Friday, February 8, 2008 , Posted by ashwin at 1:30 PM

Labour strife has been topping the bill in Hollywood of late, yet you wouldn't have known it from the weekend's awards shows: The town's elite seemed more interested in celebrating, and "No Country for Old Men" emerged as the movie to beat at the Academy Awards.

Only one winner at the Screen Actors Guild and Directors Guild of America awards overtly mentioned the union matters that derailed the Golden Globes and jeopardizes the season's biggest party, the Academy Awards on 24th February.

Sunday night's SAG awards did have its serious side, with the recent death of Heath Ledger weighing heavily on everyone's minds and prompting a passionate tribute from lead-actor winner Daniel Day-Lewis of the oil-boom epic "There Will Be Blood."

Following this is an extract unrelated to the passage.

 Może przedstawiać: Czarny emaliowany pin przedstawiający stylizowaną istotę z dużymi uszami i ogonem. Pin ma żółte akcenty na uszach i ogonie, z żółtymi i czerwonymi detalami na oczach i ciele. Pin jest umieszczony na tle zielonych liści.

But mostly it was all about Joel and Ethan Coen, brothers who have done it their way with more than 20 years worth of odd and idiosyncratic films and now seem poised to collect the industry's highest honours.

The Coens' crime saga "No Country for Old Men" won the directing honour on Saturday at the Directors Guild awards, while co-star Javier Bardem earned SAG's supporting-actor prize and the guild chose the film for best cast performance.

"No Country" is a wild, bloody ride as a ruthless killer (supporting actor winner Javier Bardem) relentlessly traces a stash of missing drug money.

True to the Coen spirit, the film spins into wildly unexpected places and leaves cryptic loose threads at the end.

"The Coen brothers are freaky little people, and we did a freaky little movie - whether you liked the ending or not," said "No Country" co-star Josh Brolin as he accepted the cast prize on behalf of the ensemble.